When I received the model of the dad’s body, Erinn had already cut the UV shells so I was mostly working on the textures themselves. However I did alter the layout slightly when creating the textures, which became a problem for a while as with each new version of the model I would have to readjust the UVs again, until we settled on working on a version that had my altered UV layout it it. I know now to be more efficient about these things next time.
I also textured Sarah’s model of the daughter character.
Though I’m proud of what I did, I wish it had occurred to me to try out bump mapping, especially on the clothing, as it could really have improved the overall look of the models.
Creating facial expressions with blend shapes was fiddly, but I had a lot of fun!
I really liked my work here, but unfortunately, these versions were lost and I had to redo them a couple more times before we figured out how to preserve and transfer blend shapes between models. Though it was frustrating and I have a feeling that the final blend shapes aren’t as good as they could have been, at least I got faster and more efficient at creating them as a result.
Luckily, after that the daughter’s blend shapes were a breeze!
I also set up a simple eye and eyelid rig, which was later reworked by Erinn for the final film.
At the time of writing, we have not yet started animating as the character rigs are still being fine-tuned. I will admit to being more than a little frustrated with the project already, especially since I have had to keep redoing the things I’m working on due to the ongoing alteration and updating of the models and their rigs. But we’re getting there.
Side note: I don’t think I can properly convey the relief I felt when I found out that essentially every time a rig acts weirdly, it is because of skin weights, i.e. not my fault and apparently inevitable at our current experience level.
POST-DEADLINE POSTSCRIPT: I have some grievances to air here. Due to lapses in communication between team members during the holidays, I ended up having to redo the dad character’s UVs, blend shapes and also skin weights five times in the space of a week. Convinced I was holding my teammates back from starting the animation, I would dedicate nearly all of my waking hours (and more than a healthy number of my sleeping hours) to getting the finishing touches put on a rig as fast as I could, only to find out that I would have to do it all again tomorrow. A lot of stress on my part could have been avoided had I just known that the current rig was still a work in progress and I didn’t need to stress myself trying to get everything perfect.
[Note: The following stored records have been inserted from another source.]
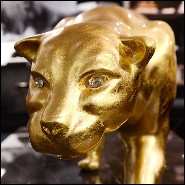 Sculpture finition Gold, yeux finition doré en cristal Swarovski PC-Panther in Gold Finish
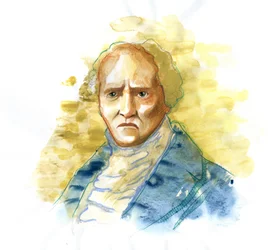 FOURIER, Karel (1772-1837). Anglický filozof a ekonom - - ilustrace Alessandro Lonati Â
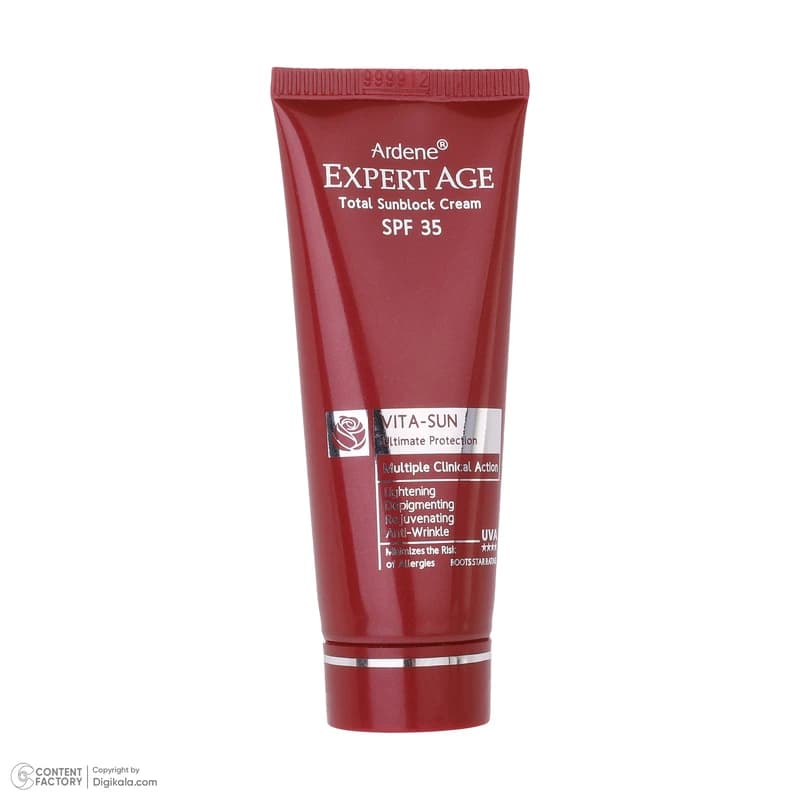 کرم ضد آفتاب بدون رنگ آردن اکسپرت ایج SPF 35 مدل VITA مناسب همه انواع پوست حجم 45 میلی‌لیتر — تصویر ۶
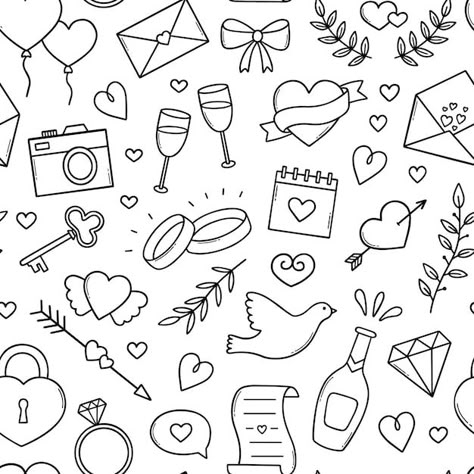 Vector seamless pattern of wedding doodl... | Premium Vector #Freepik #vector #wedding-party #wedding-couple #bride-groom #wedding-illustration Wedding Pattern Illustration, Marriage Doodle Art, Wedding Sketches Illustration, Wedding Doodle Art, Wedding Drawings Easy, Wedding Doodles Simple, Wedding Drawing Easy, Marriage Doodle, Romance Doodles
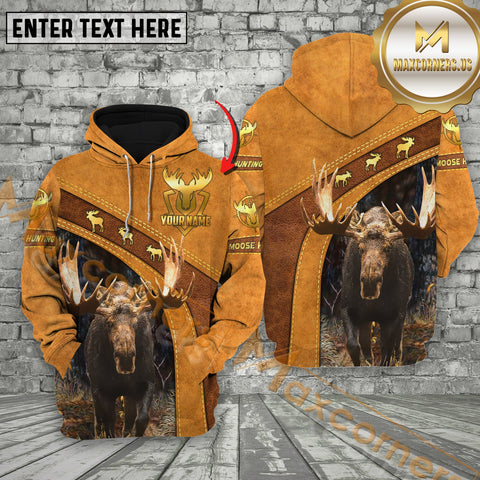 Maxcorners Brown Leather Style Moose Hunting Custom Name Apparel 3D Hoodie All Over Printed Clothes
I could really have used the extra time to work on other things.
I’m not blaming my teammates so much as the inevitable lapse in communication that occurs when you are not working together in person, as well as the tricksy, nearly ephemeral nature of the things I was working on and their nasty tendency to mysteriously disappear on you until you figure out ways of stopping that from happening.
But enough griping! The end result is I now have a much firmer grasp of blend shapes, skin weights and UV unwrapping and texturing. I learned better and faster ways of doing these things, and now might even call myself speedy – at least compared to when I started. I feel genuinely proud of myself for getting good at fiddly stuff like this, and for getting it done despite the pressure. And really I’m counting my blessings that I wasn’t the one doing the actual rigging of the characters: I have to give big props to Erinn for that, as well as to Bradley for singlehandedly creating the environments for the film. I really admire my teammates’ efficiency and workflow, their ability to get things done, and I hope I can learn from their example in the future.
I also don’t think I handled these blog posts very well, trying to cram all my progress into one gargantuan post that I only finish after the fact, when several smaller ones made as I went along would likely have been much better. Taken into consideration for next semester!